Ghillie suits

Beowulf

Well-Known Member
#1
Hi all,
Does anyone here use a ghillie suit? Most people I ask get funny about the subject and say things like 'why do you want one, thinking of becoming a friggin sniper'!
In fact no! But ghillie suits owe their existance to the Scottish Ghillies who wore them for stalking and anti poaching operations. Some of these ghillies went on to serve in the 'Lovats Scouts' and put these suits and their stalking skills to good use in the First World War as these Highland gentlemen made excellent snipers and intelligence gatherers.

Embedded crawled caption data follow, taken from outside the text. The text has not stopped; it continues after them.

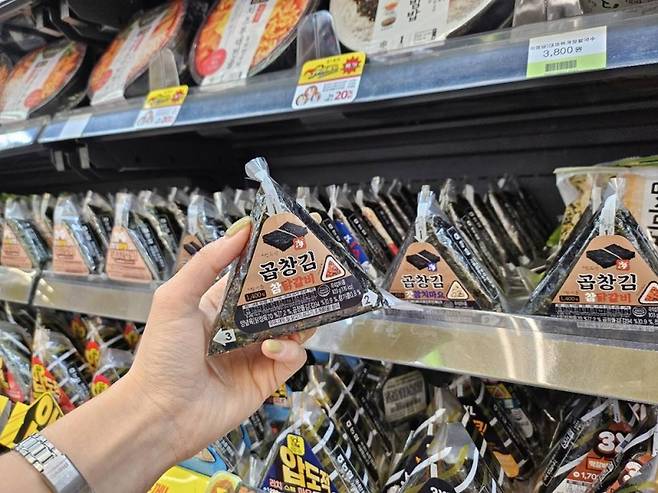 ▲ 전남 진도군이 BGF리테일과 협업해 CU에서 '진도 곱창김 삼각김밥'을 선보인다 [전남 진도군]&nbsp;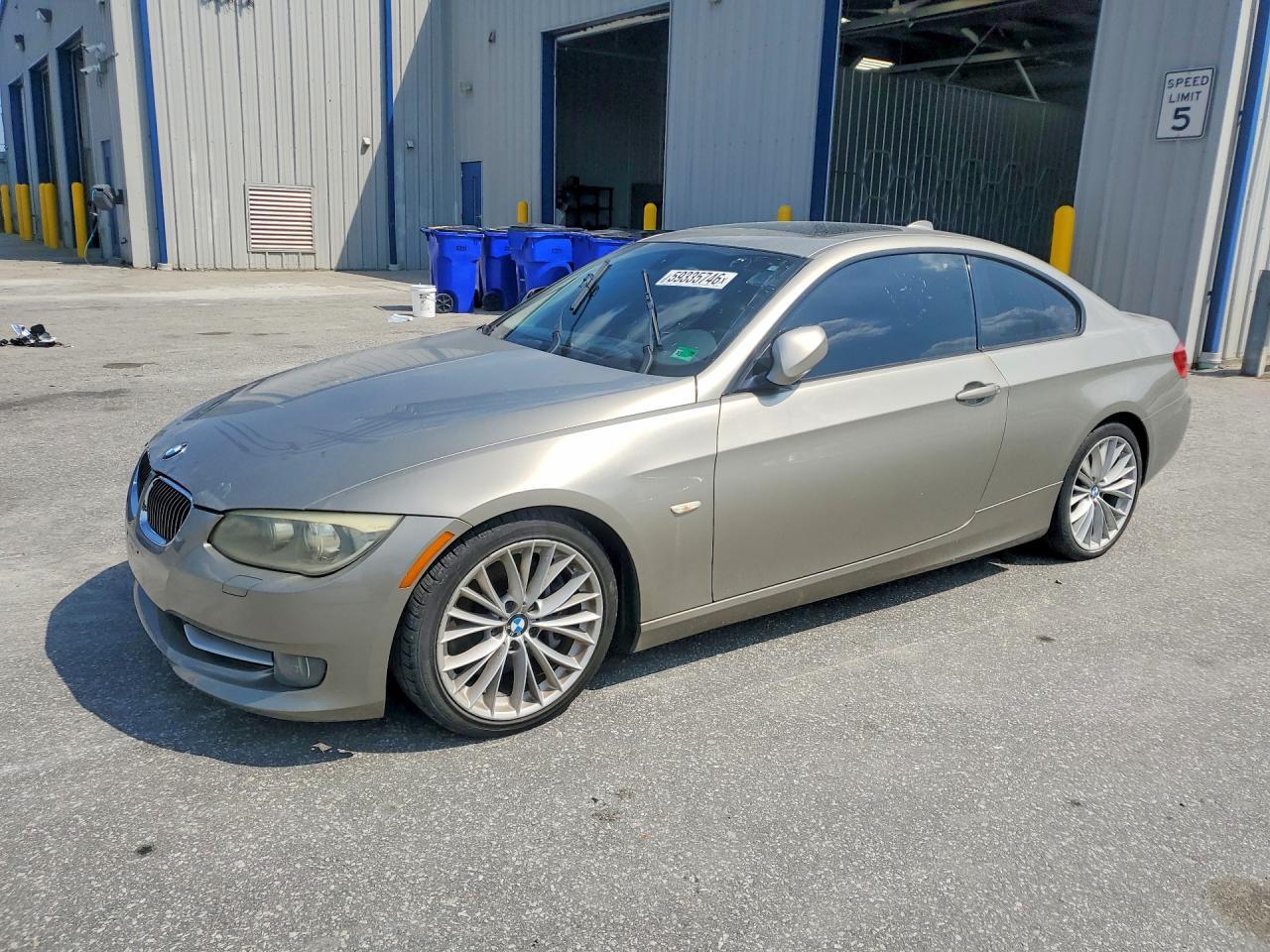 2011 BMW 3 SERIES — фото 1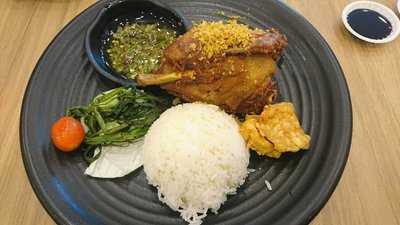 Bebek Goreng Pak Ndut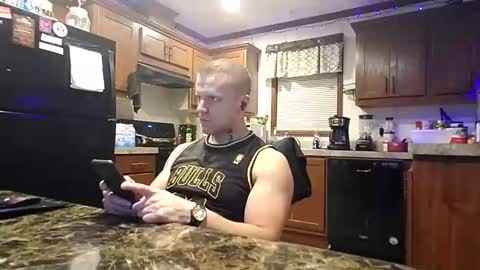 justus0624 online show from 10-09-25, 03:04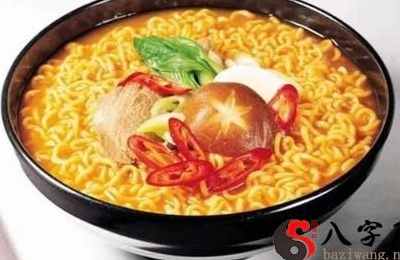 梦见吃干脆面
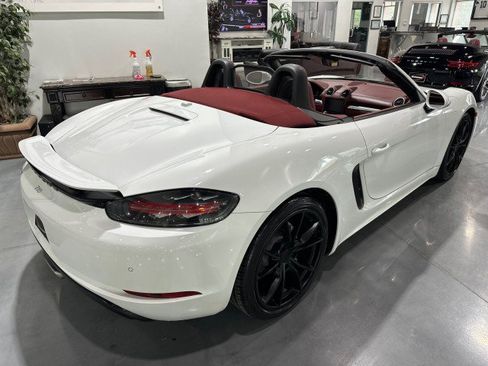 Used 2017 Porsche 718 Boxster RWD image 13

So history lesson out of the way, does anyone use one and are they any good?
 

JAYB

Administrator
Site Staff
#2
Mr B,

I have never used one or know anyone that has used one for stalking, but I did read an article once where a stalker wearing one reckoned he walked across an open field to within 20 yards of a group of grazing deer. Naturally he walked slowly, that is the extent of my knowledge of them I am afraid, nothing first hand.

John
 

Drew

Well-Known Member
#3
Never used one but I've watched marines near where we used to live in Devon. Amazing.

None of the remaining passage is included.